Ma arrivò la Grande Guerra, a sconvolgere le vite della povera gente: Lorenzo fu richiamato sotto le armi. Lui, contadino trentenne, non ne sapeva niente di armi e di combattimenti. Ma il mostruoso appetito della guerra ingoia tutti senza fare distinzione: tutti erano adatti a fornire la carne da macello per le trincee. Si abbracciarono alla stazione del treno, e Maria promise al suo sposo che si sarebbe presa cura dei loro tre bambini. Fu un arrivederci, ma chissà se ci credevano veramente.
Era il 1917, e i combattimenti imperversavano nel cuore delle Dolomiti. Un giorno di maggio, su un altipiano dove oggi fioriscono i rododendri, Lorenzo cadde vittima di una granata e morì per le tremende ferite riportate. Maria divenne una giovane vedova, una donna sola con tre maschietti da sfamare.
Aveva un banchetto di frutta e verdura a piazza del Gesù, e prima dell’alba andava tutti i giorni a fare rifornimento ai mercati generali. Era una donna fiera, Maria, e fedele alla memoria del suo sposo. Per non dare nell’occhio in quel mondo declinato al maschile, nascondeva le chiome sotto un cappello e indossava dei pantaloni. Per scoraggiare apprezzamenti non desiderati, Maria si vestiva da uomo.
Questa è una delle rare immagini che restano di lei, ancora più speciale perché Maria indossa il suo abito più bello per il fotografo. Il bambino a sinistra è mio nonno paterno Angelo.
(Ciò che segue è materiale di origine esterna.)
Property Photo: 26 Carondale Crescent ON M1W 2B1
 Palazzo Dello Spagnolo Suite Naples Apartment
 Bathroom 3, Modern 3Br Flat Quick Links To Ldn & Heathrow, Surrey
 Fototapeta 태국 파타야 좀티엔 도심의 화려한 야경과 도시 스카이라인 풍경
Non so cosa è restato dei tuoi sogni, Maria, quando la sera ti coricavi stanca per affrontare l’indomani una nuova pesante giornata. Quando allungavi la mano nel letto e trovavi, per l’ennesima volta, un posto vuoto. Guardando i tuoi figli addormentati avrai pensato che comunque ne fosse valsa la pena. Con la forza di carattere che avevi, di certo avresti potuto affrontare qualsiasi cosa. Spero di averne ereditata almeno un po’.
Oggi è la festa dei nonni, e mi è piaciuto ricordarti.